You mentioned structures around the world that are in a sorrier state than Carrollton's yet they surpass our own abilities. In this scenario you mentioned, this is only true because those communities recognize that in order to get out of their horrible circumstances, education is key. These places do not have ANY way to better their structures, but, if they did, people would die to do it, as they want to know that their posterity have a better chance in this world than they do. These people recognize education is the way out of poverty and a way to better not just their own lives but also the lives of everyone in the world.
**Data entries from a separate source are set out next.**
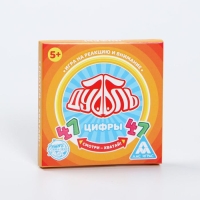 Настольная игра на реакцию и внимание «Дуббль. Цифры», 20 карт, 5+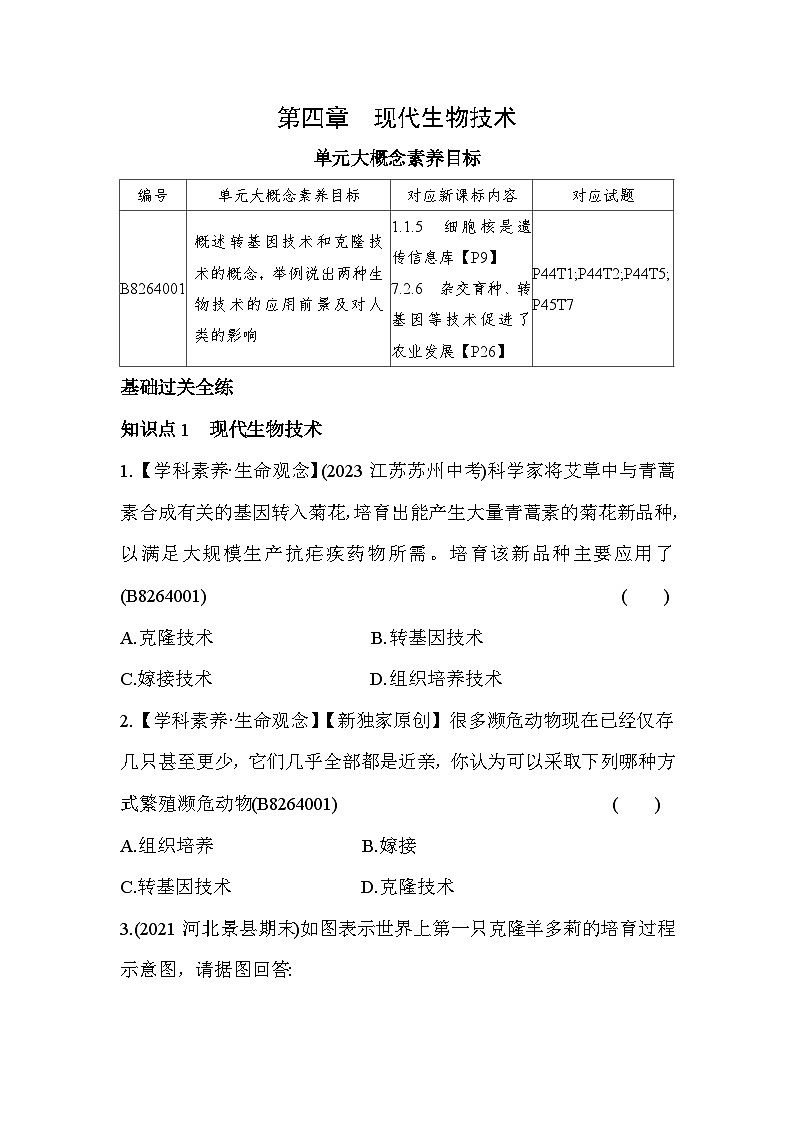 6.4   现代生物技术--冀少版初中生物八年级下册同步练习01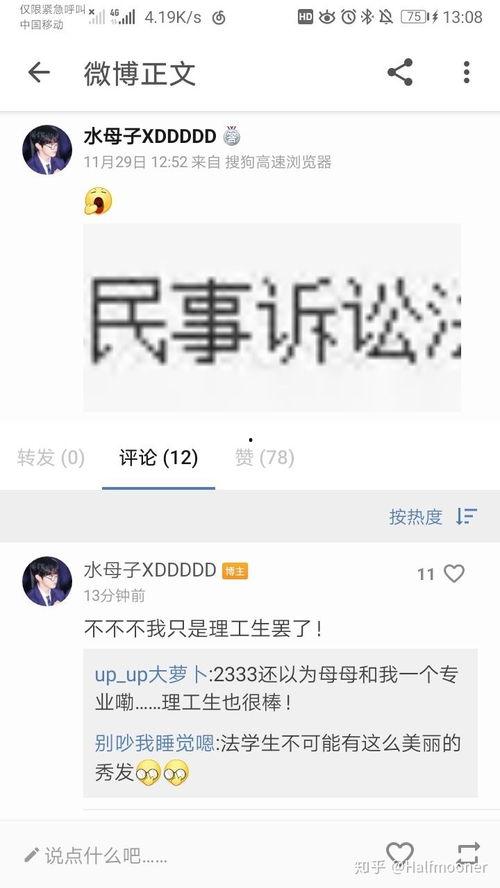 吃瓜乱评论,揭秘网络舆论场的狂欢与争议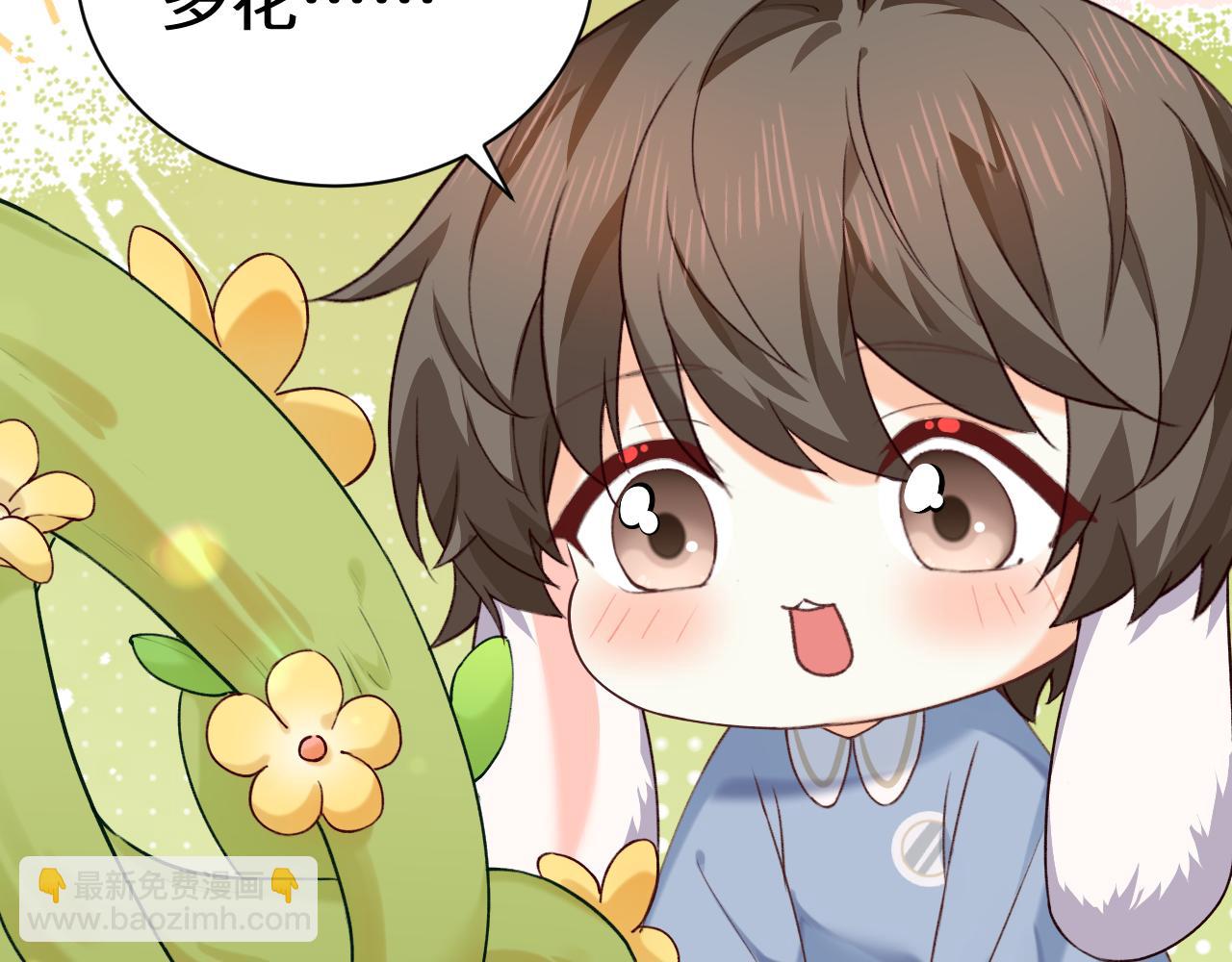 Q版小剧场幼儿园篇：被兔兔包围啦~-第375话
This is simply not the case in our area. Carroll County DOES have the ability to create better structures and the resources to do so; it just refuses. The voters voting no in Carroll County are not placing the same emphasis as those 'around the world surpassing us' and therefore, yes, our students will not be as prepared because they will not have been taught the value of education from their community. They will not have been exposed to knowledge to which their peers have had access for years. Yes, that DOES put them at a disadvantage when going into the world. That DOES make even the best and brightest at Carrollton have to play 'catch up' when they go out into the competitive world of post secondary education, especially because they WILL be pitted against those coming from supportive communities; communities that understand that, in this part of the world, a functioning building IS the foundation to house better classes and therefore a better education. Those graduates come back to enrich their community and help foster a new generation in their learning.

Uhrichsville, OH

#35 Nov 8, 2013
Augusta Elementary - over 100 years old
Delroy Elementary - over 100 years old
Carrollton Elementary - over 100 years
Bell Herron Middle School - over 80 years old
Carrollton High School - over 50 years old

The message we send to our kids is that we don't give a crap. That's why people are upset. Former graduates of Carrollton, like Athena, want to proud of their community. The overall problem is that most people in Carrollton have a loser's mentality.

"It was good enough for us ONE HUNDRED YEARS AGO. It should be good enough for kids now." It's sad. Your children deserve better!

Newark, OH

#36 Nov 11, 2013
Athena, you are so well spoken and so right in your thought process. Thanks for taking the time to express your comments.
Realist, people at your church are generous. They are supposed to be. That's part of being religious. Did they vote to help the schools? And, yes, I voted for Obama in both elections and support his efforts.